--- Data ---

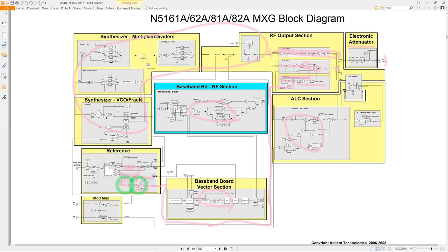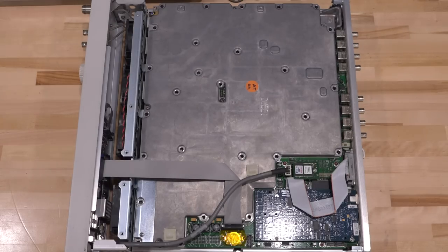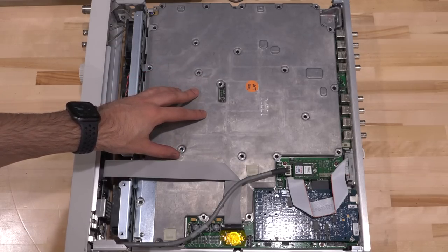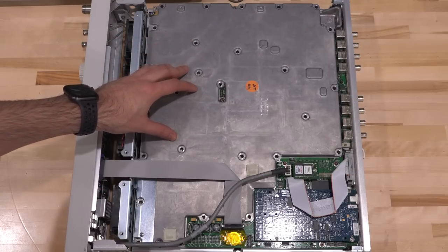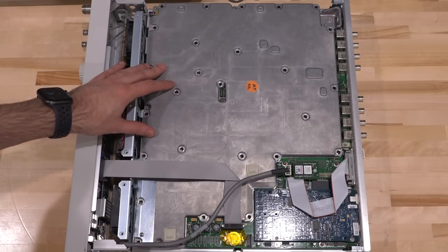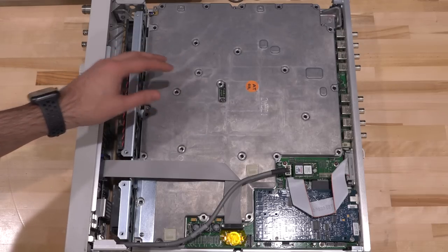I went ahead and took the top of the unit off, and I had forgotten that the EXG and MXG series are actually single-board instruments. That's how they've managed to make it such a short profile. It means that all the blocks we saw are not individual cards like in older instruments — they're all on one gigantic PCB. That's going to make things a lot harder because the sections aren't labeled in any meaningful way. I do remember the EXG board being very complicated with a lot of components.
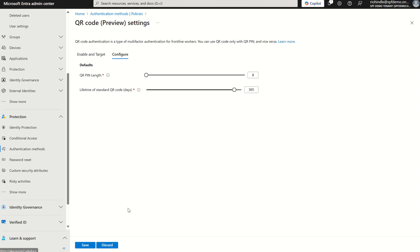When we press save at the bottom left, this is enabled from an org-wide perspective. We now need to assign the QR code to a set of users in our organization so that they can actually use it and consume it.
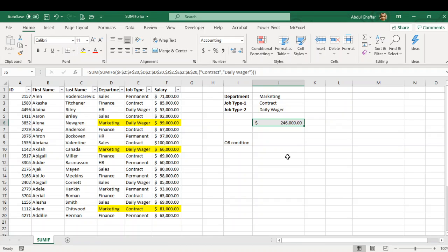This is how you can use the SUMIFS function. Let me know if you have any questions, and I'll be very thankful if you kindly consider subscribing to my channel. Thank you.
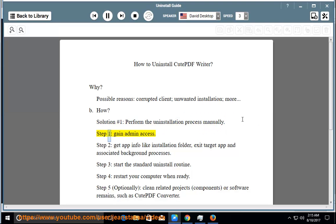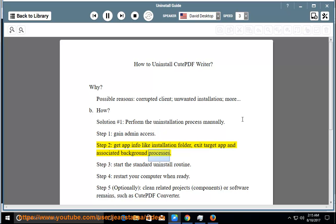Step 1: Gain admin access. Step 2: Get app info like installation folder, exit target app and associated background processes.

---
--- Data ---

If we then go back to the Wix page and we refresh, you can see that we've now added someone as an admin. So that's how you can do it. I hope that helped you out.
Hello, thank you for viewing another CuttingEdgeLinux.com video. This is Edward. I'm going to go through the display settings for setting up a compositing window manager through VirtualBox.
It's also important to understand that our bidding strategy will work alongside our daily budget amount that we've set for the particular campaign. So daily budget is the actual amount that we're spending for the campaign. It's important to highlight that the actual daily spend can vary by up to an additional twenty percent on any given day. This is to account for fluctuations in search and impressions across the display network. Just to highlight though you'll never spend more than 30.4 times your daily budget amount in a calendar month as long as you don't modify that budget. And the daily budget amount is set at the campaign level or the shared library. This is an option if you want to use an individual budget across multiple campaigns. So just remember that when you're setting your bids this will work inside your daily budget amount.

---

### Work request
Set down word for word the lines above from the one with "I went ahead" up to and including the one with "Step 1: Gain". Omit every picture.

### Answer to the problem
I went ahead and took the top of the unit off, and I had forgotten that the EXG and MXG series are actually single-board instruments. That's how they've managed to make it such a short profile. It means that all the blocks we saw are not individual cards like in older instruments — they're all on one gigantic PCB. That's going to make things a lot harder because the sections aren't labeled in any meaningful way. I do remember the EXG board being very complicated with a lot of components.
When we press save at the bottom left, this is enabled from an org-wide perspective. We now need to assign the QR code to a set of users in our organization so that they can actually use it and consume it.
This is how you can use the SUMIFS function. Let me know if you have any questions, and I'll be very thankful if you kindly consider subscribing to my channel. Thank you.
Step 1: Gain admin access. Step 2: Get app info like installation folder, exit target app and associated background processes.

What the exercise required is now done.